*** Opening EXERCISE INPUT ***
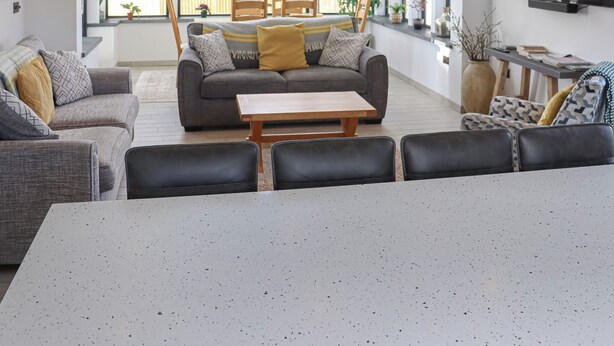Una sala de estar con un sofá, sillas, una mesa de centro y un televisor.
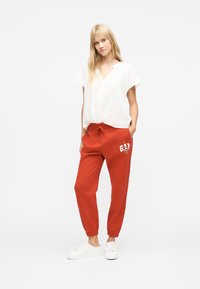 Νεαρή γυναίκα που στέκεται με τα χέρια στις τσέπες, φορώντας λευκό μπλουζάκι με κοντά μανίκια, κόκκινο παντελόνι GAP με καρτούν σχέδιο και λευκά αθλητικά παπούτσια.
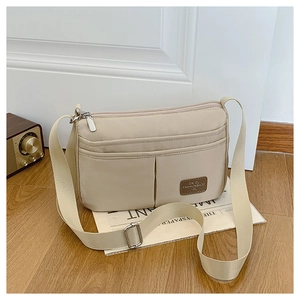 Detail view of beige nylon crossbody bag with multi-pocket zippers and adjustable strap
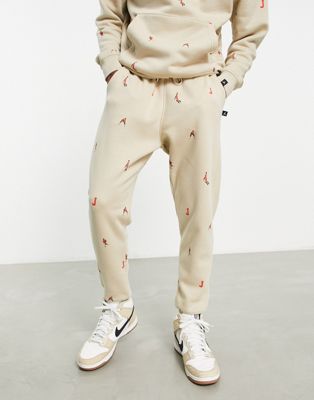 Jordan unisex essential joggers with all over logo in rattan - ASOS Price Checker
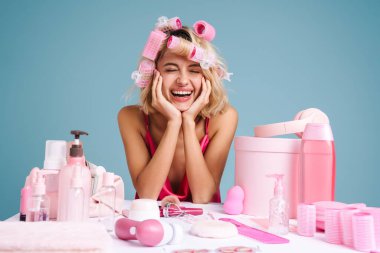 Genç bir kadın, mavi duvarda izole edilmiş güzellik ürünleriyle masada otururken gülüyor.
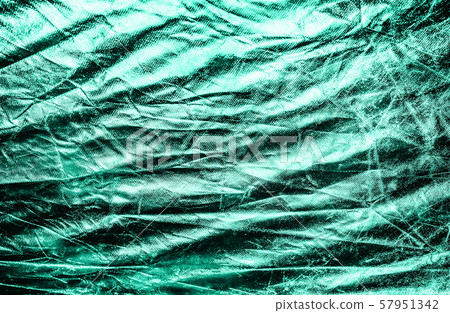 Shiny crumpled surface of silver foil in trendy mint color for textured background. Shiny crumpled surface of silver foil in trendy mint color for textured background. 57951342
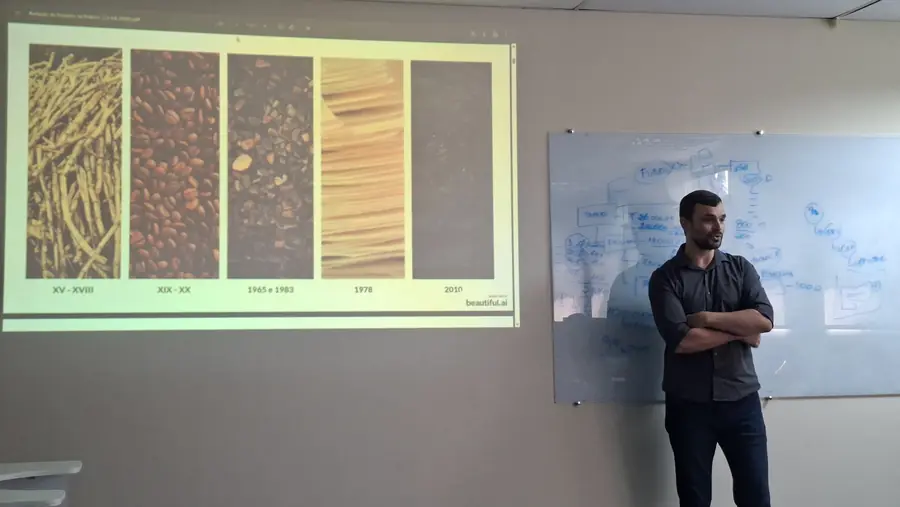 Instrutor ao lado do quadro branco, com slide sobre a evolução dos materiais de escrita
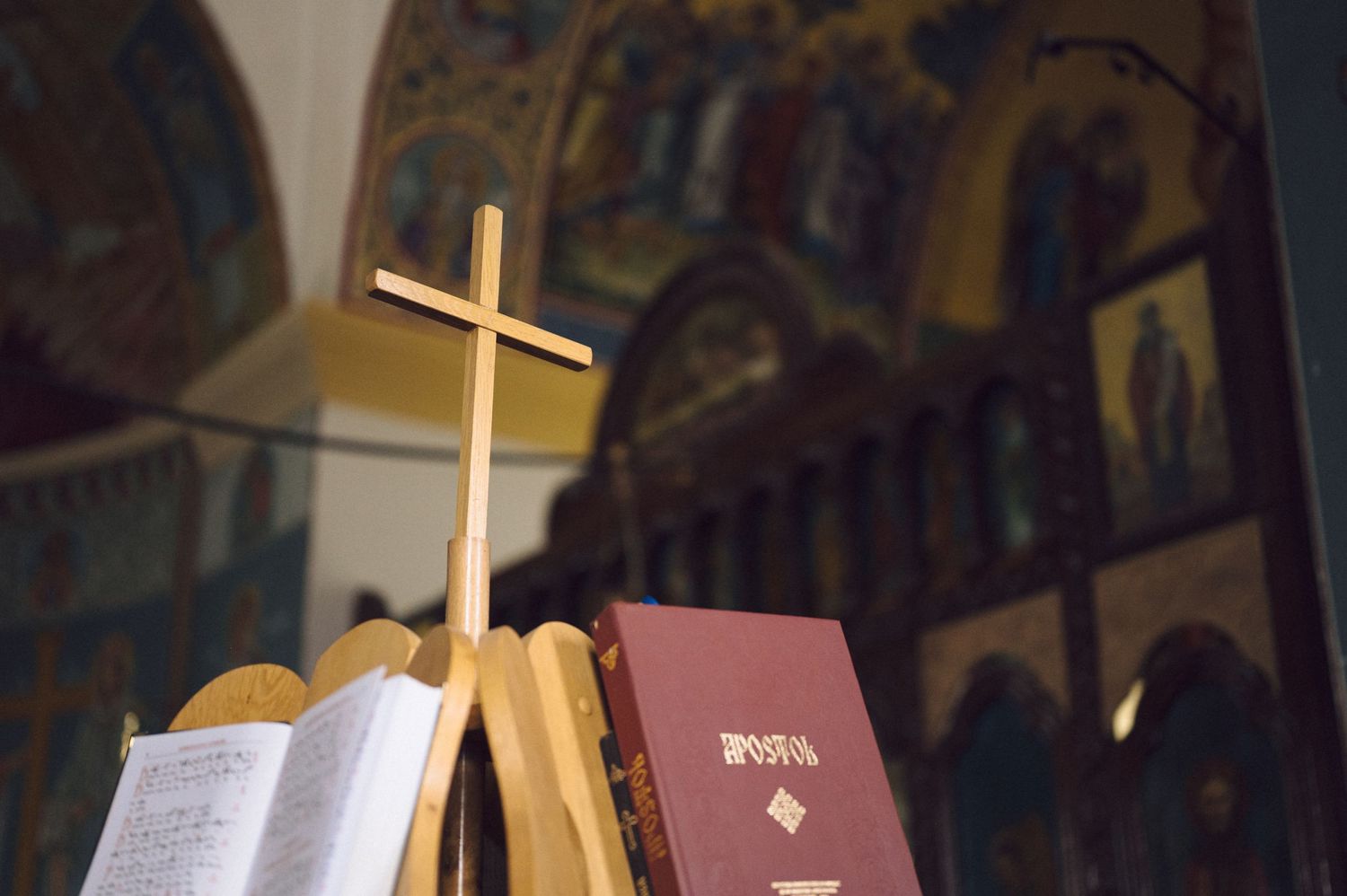 Church interior showing rows of wooden pews, religious books, and a golden cross illuminated in warm light.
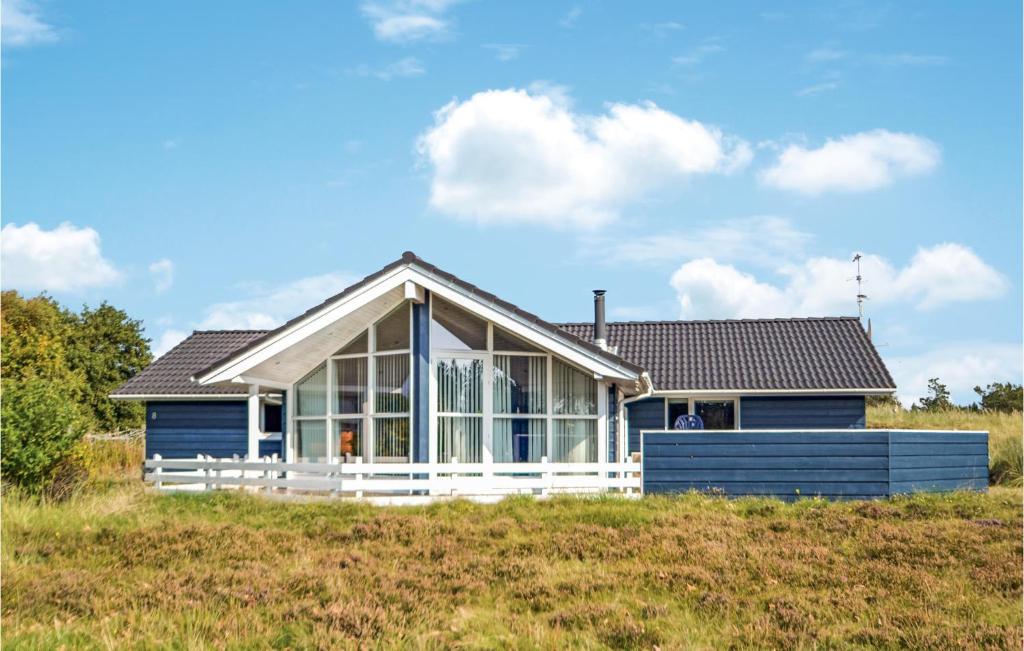 een huis met een blauw-wit huis bij 4 Bedroom Amazing Home In Hvide Sande in Bjerregård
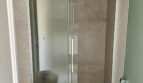 Modernes Duschbad mit Glasschiebtür, Regendusche und eleganten Natursteinwandfliesen in Luxuswohnung Palma.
*** Closing EXERCISE INPUT ***
_WHAT NEEDS TO BE DONE_
From the line with "Instrutor ao lado" through the final line of the records above, return each line exactly and nothing else. Pictures are to be skipped.

_WRITTEN ANSWER_
 Instrutor ao lado do quadro branco, com slide sobre a evolução dos materiais de escrita
 Church interior showing rows of wooden pews, religious books, and a golden cross illuminated in warm light.
 een huis met een blauw-wit huis bij 4 Bedroom Amazing Home In Hvide Sande in Bjerregård
 Modernes Duschbad mit Glasschiebtür, Regendusche und eleganten Natursteinwandfliesen in Luxuswohnung Palma.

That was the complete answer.